Den Worten folgen Taten

Justizministerin Christine Lambrecht wiederum will die bestehenden Gesetze gegen Hetze im Internet weiter verschärfen. «Worten folgen allzu häufig Taten», meint die Sozialdemokratin. Social-Media-Konzerne wie Facebook, Twitter oder Youtube sollen künftig Posts mit Morddrohungen oder volksverhetzenden Inhalten direkt den Behörden melden müssen. Das geltende Gesetz, das 2017 in Kraft trat, verpflichtete die Plattformen nur dazu, solche Beiträge innerhalb von 24 Stunden zu löschen. Für die Verfolgung der Urheber blieben Polizei und Staatsanwaltschaft zuständig – die konnten aber nur ermitteln, wenn Anzeige erstattet wurde. «Ich weiss nicht, warum man erst abwarten muss, bis die Opfer aktiv werden», sagt Lambrecht.

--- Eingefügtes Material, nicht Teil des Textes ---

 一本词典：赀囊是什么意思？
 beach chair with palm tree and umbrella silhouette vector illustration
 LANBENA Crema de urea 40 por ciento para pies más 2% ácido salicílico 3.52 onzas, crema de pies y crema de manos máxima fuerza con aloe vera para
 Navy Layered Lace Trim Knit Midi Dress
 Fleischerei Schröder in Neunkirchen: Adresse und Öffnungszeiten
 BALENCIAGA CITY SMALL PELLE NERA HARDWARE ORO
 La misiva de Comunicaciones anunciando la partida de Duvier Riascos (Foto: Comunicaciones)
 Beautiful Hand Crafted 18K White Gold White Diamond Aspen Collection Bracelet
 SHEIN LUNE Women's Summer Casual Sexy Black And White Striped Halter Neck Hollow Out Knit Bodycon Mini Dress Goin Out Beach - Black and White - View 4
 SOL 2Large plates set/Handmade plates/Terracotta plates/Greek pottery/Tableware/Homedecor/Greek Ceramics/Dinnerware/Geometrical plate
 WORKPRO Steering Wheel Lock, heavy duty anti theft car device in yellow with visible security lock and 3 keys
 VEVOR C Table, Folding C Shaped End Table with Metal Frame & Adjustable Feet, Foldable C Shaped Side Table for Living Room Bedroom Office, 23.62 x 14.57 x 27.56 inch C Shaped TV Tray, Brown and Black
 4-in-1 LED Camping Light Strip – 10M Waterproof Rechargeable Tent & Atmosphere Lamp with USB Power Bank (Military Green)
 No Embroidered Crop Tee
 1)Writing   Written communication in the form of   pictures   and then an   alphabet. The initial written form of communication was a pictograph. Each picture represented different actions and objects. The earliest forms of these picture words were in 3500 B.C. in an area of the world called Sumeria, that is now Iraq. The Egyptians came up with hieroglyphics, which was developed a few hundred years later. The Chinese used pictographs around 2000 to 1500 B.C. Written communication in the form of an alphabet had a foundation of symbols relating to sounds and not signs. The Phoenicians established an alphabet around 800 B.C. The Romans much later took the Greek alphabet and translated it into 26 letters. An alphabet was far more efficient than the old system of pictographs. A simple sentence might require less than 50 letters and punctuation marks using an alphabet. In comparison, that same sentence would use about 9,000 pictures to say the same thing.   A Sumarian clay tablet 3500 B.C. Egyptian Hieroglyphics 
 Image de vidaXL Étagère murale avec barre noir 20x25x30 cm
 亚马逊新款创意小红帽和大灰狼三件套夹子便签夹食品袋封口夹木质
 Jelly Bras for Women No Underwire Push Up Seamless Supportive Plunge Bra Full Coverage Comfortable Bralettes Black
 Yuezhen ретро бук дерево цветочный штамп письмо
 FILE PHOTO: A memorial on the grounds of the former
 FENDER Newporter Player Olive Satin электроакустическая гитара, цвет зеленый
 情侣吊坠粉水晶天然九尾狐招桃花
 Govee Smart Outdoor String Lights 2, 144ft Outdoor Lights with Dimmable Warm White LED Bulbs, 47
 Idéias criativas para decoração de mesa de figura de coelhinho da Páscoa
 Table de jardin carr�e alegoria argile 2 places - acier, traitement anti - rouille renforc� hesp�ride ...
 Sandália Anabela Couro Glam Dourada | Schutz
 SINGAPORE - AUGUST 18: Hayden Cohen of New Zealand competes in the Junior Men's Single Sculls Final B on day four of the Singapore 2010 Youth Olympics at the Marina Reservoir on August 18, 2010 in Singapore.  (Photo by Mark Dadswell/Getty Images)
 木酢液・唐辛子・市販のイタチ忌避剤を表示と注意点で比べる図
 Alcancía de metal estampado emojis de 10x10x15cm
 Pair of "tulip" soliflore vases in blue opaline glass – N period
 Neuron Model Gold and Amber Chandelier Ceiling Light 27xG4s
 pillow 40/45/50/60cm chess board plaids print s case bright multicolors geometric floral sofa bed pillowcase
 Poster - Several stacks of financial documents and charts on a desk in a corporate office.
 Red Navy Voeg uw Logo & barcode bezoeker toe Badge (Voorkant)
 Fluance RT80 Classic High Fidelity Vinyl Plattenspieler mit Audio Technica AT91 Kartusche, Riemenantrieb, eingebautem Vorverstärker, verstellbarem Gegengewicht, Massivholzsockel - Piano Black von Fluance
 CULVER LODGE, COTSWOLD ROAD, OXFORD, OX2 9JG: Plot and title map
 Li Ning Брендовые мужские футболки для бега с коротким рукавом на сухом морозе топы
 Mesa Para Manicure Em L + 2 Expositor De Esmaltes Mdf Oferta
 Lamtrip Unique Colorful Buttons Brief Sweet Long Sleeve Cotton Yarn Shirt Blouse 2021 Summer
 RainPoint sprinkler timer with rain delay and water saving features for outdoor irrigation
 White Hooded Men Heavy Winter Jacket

Die neue Pflicht, gegen die sich die Social-Media-Konzerne erbittert wehren, hätte für die Strafverfolger auch den Vorteil, dass sie die Urheber der Posts anhand von IP-Adressen schnell identifizieren könnten. Heute ist dies in der Praxis nur sehr selten möglich. Umgekehrt dürfte ein solches Gesetz die Strafverfolger schnell überfordern: Experten schätzen, dass allein die strafbaren Posts, welche von den sozialen Medien heute gelöscht werden, schnell in die Zehntausende gehen. Bisher gibt es in Deutschland aber nicht mehr als einige Dutzend auf Online-Hetze spezialisierte Staatsanwälte.